# my leopard geckos



## mantidsandgeckos (Sep 28, 2009)

found a breeder here that sells leopard geckos other than wild type or high yellow  

patternless

















Wild type
















(sleeping  )

Sunglow


----------



## spicey (Sep 28, 2009)

very cute. We used to have one years ago. Now I've promised my 11 year old that he can get one if he keeps his grades up at school this first semester. It's a good incentive for him.


----------



## mantidsaresweet (Sep 28, 2009)

Me and my little sister want some of those and I would love to try my hand at breeding them too. Still a lot of research to do though :lol: 

Those little guys look great!


----------



## mantidsandgeckos (Sep 29, 2009)

mantidsaresweet said:


> Me and my little sister want some of those and I would love to try my hand at breeding them too. Still a lot of research to do though :lol: Those little guys look great!


Im sure you wont regret  Just dont keep them on sand and dont keep males together


----------



## Lizard (Oct 6, 2009)

friendofgeckos said:


> Im sure you wont regret  Just dont keep them on sand and dont keep males together


I keep my 6 year old couple on sand.

Never had any problems.

and 3 months ago my first infant.

I just got em 8 months.

For the rest I know all breeders in the reptile club I'm in keep em on sand.

Greetings.

Collared lizard.


----------



## mantidsaresweet (Oct 6, 2009)

Yeah I heard that sand is bad for young ones. Once they get over 6 inches though I think it is ok.


----------



## MantidLord (Oct 7, 2009)

Awesome pics, yet another lizard to add to the list.


----------



## wangi (Dec 26, 2009)

Collared lizard said:


> I keep my 6 year old couple on sand. Never had any problems.
> 
> and 3 months ago my first infant.
> 
> ...


Yeah, my first male I kept on sand for 7 years. I switched to kitchen roll when he got impacted and nearly died.
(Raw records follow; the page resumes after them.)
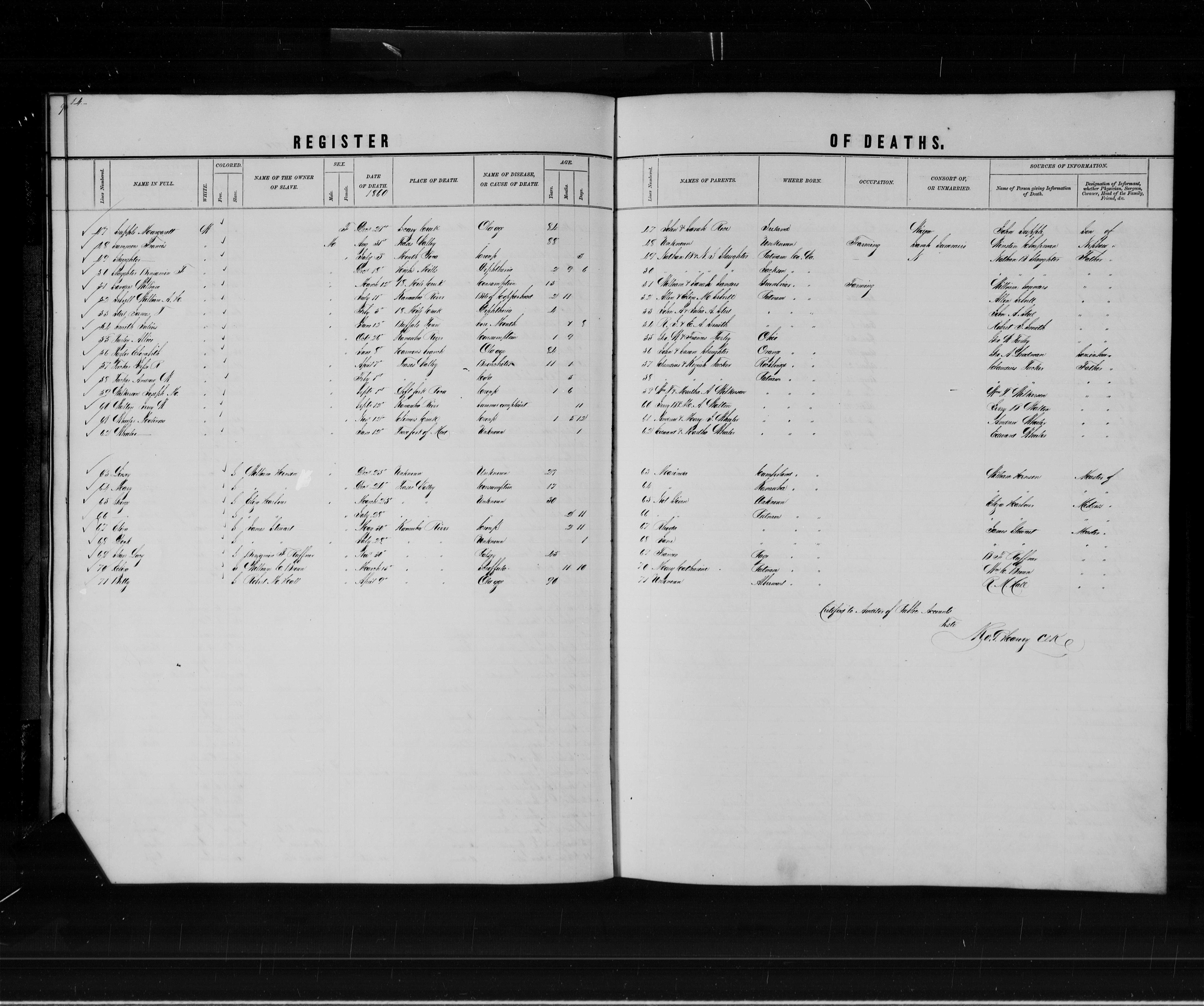 Record Image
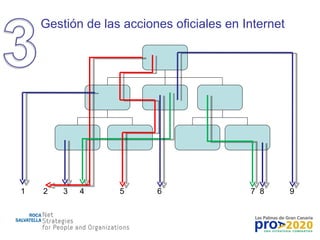 Gestión de las acciones oficiales en Internet 1 2 3 4 5 6 7 8 9 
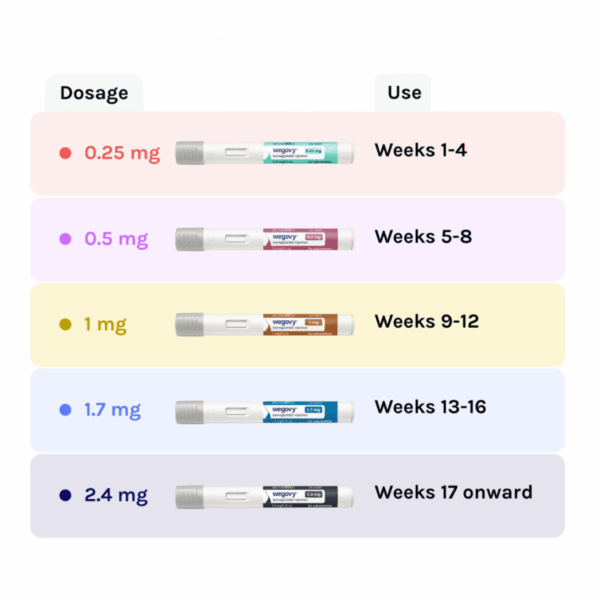 Wegovy Uses Per Weeks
Sand really isn't worth the risk, even though it looks nice. Kitchen roll I always think looks quite nice, very clean. My last leo was kept on large river pebbles with kitchen roll in one area where I put her food, so the mealworms didn't wriggle under the pebbles. Looked very nice.

Beautiful, stunning geckos there, look good and healthy too. Gotta love leopard geckos, they are very common but thre's good reason for that and every one looks different! Good luck with them.


----------